Back in 2017, the deep learning folks were trying to achieve state-of-the-art performance in sequence to sequence modeling. They used RNN’s like LSTM and GRU. The best performing model connects the encoder and decoder through an attention mechanism. Where the encoder is used to encode some sequence into rich embeddings and decoder decodes that embedding to different sequence. Example, language translation.

Table of contents

Sequence to sequence modeling and limitations of RNNs

RNN had the vanishing gradient problem, models like LSTM and GRU emerged to tackle this problem but realized that altho the text may look better than rubbish, its still rubbish. It may look like English, but jumbled words and the sentence has no meaning.

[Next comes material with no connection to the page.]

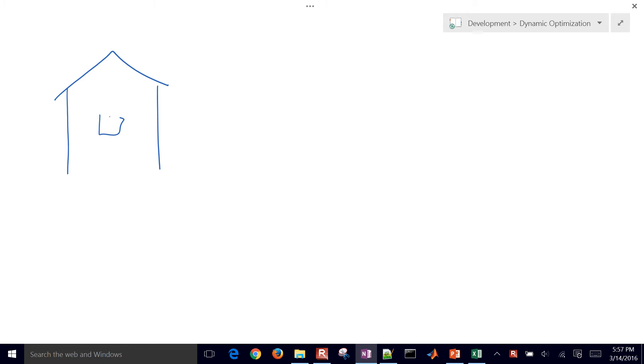We're going to develop a thermostat for a home. So we have a home and it is currently 40 degrees outside, 40 degrees Fahrenheit. This home has been uninhabited for a while, so it's also 40 degrees Fahrenheit inside the home.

  • https://arxiv.org/pdf/1409.0473 (TLDR, first paper on using attention on RNN)
  • https://arxiv.org/pdf/1601.06733 – This is a good paper on visualizing attention mechanism and using LSTM with Attention

They then tried to use attention mechanism with LSTM, Aligning the positions to steps in computation time, they generate a sequence of hidden states ht , as a function of the previous hidden state ht−1 and the input for position t. This inherently sequential nature precludes parallelization within training examples, which becomes critical at longer sequence lengths, as memory constraints limit batching across examples. Recent work has achieved significant improvements in computational efficiency through factorization tricks and conditional computation, while also improving model performance in case of the latter. The fundamental constraint of sequential computation, however, remains.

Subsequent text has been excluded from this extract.